WHAT THE TASK REQUIRES: Could you set down exactly the lines in the records below between the line holding "Palier 2 : 1.23✅" and the line holding "Mind Map: Intro", inclusive?
■ ■ ■ ■
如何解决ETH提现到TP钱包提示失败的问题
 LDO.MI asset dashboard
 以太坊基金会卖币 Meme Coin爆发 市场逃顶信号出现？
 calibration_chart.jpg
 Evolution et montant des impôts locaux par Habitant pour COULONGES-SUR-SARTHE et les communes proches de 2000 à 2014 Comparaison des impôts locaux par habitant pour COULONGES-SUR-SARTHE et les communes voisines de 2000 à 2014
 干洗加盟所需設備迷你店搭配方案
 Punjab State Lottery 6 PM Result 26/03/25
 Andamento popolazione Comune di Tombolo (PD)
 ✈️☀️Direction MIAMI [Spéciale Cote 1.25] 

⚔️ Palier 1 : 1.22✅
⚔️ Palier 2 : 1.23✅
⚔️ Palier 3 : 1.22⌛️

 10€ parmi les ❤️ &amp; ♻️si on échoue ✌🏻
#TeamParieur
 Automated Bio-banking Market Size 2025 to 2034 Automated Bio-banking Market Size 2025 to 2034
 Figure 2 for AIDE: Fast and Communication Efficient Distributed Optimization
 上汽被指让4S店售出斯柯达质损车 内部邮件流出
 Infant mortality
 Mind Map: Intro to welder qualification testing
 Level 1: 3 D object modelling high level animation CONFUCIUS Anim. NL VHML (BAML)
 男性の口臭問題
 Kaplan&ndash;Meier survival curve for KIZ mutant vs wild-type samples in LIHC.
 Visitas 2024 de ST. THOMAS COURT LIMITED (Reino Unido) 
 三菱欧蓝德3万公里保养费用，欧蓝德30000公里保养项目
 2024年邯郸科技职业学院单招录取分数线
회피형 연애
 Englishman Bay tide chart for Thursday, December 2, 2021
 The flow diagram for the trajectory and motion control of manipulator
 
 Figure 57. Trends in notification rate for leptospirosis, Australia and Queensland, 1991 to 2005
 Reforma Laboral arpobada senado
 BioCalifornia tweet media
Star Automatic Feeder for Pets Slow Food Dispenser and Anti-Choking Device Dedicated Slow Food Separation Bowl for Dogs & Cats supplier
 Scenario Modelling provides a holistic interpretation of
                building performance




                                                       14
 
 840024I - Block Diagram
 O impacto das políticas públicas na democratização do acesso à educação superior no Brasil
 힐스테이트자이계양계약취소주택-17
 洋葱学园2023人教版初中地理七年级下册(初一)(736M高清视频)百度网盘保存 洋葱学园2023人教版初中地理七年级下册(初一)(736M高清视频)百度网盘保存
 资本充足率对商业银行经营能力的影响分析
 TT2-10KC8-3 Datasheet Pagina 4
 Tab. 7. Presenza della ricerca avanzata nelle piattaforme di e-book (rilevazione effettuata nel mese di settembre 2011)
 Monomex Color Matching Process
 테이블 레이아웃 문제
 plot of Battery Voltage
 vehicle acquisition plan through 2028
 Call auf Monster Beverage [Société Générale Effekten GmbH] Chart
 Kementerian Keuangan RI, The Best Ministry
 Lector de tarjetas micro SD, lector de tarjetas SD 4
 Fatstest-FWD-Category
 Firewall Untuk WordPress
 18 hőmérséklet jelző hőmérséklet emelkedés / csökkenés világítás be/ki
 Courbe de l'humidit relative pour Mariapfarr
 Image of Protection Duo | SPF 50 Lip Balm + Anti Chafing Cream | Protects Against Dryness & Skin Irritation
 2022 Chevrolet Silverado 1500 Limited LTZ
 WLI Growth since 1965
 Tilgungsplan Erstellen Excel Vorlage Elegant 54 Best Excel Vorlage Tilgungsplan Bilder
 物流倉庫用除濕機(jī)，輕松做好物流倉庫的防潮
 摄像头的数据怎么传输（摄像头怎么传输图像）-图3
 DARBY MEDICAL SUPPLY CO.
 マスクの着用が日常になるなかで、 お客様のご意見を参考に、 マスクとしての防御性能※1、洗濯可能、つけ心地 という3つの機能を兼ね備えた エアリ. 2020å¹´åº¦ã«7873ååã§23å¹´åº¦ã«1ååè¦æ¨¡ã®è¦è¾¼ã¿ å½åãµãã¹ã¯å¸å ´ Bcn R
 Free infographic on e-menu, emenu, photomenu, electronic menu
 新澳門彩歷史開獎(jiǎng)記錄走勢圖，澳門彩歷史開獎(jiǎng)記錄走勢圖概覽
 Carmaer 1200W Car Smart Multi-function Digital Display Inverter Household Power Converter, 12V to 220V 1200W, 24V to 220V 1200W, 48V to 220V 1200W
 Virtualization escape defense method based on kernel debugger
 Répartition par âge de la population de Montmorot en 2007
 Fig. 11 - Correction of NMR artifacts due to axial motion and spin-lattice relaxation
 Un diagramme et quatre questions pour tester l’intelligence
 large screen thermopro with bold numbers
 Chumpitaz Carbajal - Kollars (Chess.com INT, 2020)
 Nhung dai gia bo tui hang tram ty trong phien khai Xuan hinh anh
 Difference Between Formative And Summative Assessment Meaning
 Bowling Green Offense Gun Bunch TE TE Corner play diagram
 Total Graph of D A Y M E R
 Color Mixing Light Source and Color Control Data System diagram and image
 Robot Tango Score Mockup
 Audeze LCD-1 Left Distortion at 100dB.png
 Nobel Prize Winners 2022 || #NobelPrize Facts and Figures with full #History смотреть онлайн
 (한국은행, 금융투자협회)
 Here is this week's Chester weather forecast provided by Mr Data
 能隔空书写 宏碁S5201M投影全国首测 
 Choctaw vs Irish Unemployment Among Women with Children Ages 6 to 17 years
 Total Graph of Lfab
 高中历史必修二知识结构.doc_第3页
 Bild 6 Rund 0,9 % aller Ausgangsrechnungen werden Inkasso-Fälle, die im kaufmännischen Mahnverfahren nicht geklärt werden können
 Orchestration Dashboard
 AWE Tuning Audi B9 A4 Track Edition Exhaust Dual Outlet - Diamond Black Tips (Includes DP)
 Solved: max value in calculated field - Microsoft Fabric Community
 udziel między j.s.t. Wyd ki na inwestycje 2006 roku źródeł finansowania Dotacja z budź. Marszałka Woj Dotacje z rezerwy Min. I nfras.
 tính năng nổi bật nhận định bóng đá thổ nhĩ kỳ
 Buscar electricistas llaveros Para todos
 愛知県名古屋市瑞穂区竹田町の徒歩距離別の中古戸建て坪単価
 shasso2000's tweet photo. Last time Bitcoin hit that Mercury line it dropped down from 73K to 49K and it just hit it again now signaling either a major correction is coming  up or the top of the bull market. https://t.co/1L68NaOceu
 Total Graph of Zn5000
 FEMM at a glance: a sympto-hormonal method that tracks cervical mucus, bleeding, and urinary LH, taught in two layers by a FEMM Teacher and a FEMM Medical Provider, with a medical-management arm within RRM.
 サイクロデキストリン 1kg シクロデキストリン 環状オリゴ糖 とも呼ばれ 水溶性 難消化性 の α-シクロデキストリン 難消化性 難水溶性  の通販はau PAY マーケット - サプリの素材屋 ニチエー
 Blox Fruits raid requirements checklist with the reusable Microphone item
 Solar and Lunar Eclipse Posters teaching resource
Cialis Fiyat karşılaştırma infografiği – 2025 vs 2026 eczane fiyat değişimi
■ ■ ■ ■
RESPONSE:
⚔️ Palier 2 : 1.23✅
⚔️ Palier 3 : 1.22⌛️

 10€ parmi les ❤️ &amp; ♻️si on échoue ✌🏻
#TeamParieur
 Automated Bio-banking Market Size 2025 to 2034 Automated Bio-banking Market Size 2025 to 2034
 Figure 2 for AIDE: Fast and Communication Efficient Distributed Optimization
 上汽被指让4S店售出斯柯达质损车 内部邮件流出
 Infant mortality
 Mind Map: Intro to welder qualification testing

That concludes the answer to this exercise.